🤖 AI Summary
This work addresses the challenge of non-missing-completely-at-random (non-MCAR) node feature missingness, a common yet underexplored issue in real-world graph neural network (GNN) applications. While existing methods often rely on high-dimensional sparse features and the MCAR assumption, limiting their generalizability, this study establishes a more realistic evaluation framework by introducing new datasets with dense semantic features and a standardized protocol for non-MCAR missingness mechanisms. Building upon missing data theory, the authors propose GNNmim, a lightweight and robust model designed to handle diverse missing patterns. Extensive experiments demonstrate that GNNmim consistently matches or surpasses the performance of specialized models across multiple datasets and missingness scenarios, confirming its effectiveness and strong generalization capability.
📝 Abstract
Handling missing node features is a key challenge for deploying Graph Neural Networks (GNNs) in real-world domains such as healthcare and sensor networks.

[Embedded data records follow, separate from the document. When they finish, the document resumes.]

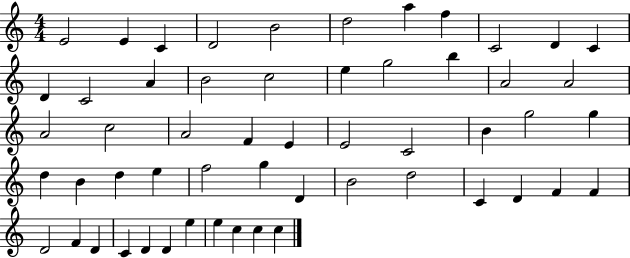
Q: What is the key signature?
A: C major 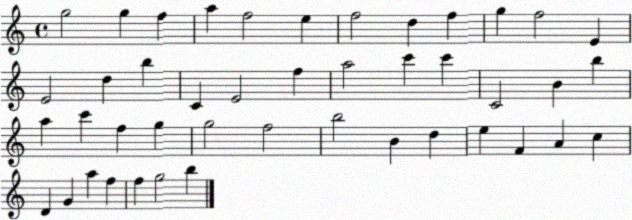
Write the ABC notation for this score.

X:1
T:Untitled
M:4/4
L:1/4
K:C
g2 g f a f2 e f2 d f g f2 E E2 d b C E2 f a2 c' c' C2 B b a c' f g g2 f2 b2 B d e F A c D G a f f g2 b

Existing studies mostly address relatively benign scenarios, namely benchmark datasets with (a) high-dimensional but sparse node features and (b) incomplete data generated under Missing Completely At Random (MCAR) mechanisms. For (a), we theoretically prove that high sparsity substantially limits the information loss caused by missingness, making all models appear robust and preventing a meaningful comparison of their performance. To overcome this limitation, we introduce one synthetic and three real-world datasets with dense, semantically meaningful features. For (b), we move beyond MCAR and design evaluation protocols with more realistic missingness mechanisms. Moreover, we provide a theoretical background to state explicit assumptions on the missingness process and analyze their implications for different methods. Building on this analysis, we propose GNNmim, a simple yet effective baseline for node classification with incomplete feature data. Experiments show that GNNmim is competitive with respect to specialized architectures across diverse datasets and missingness regimes.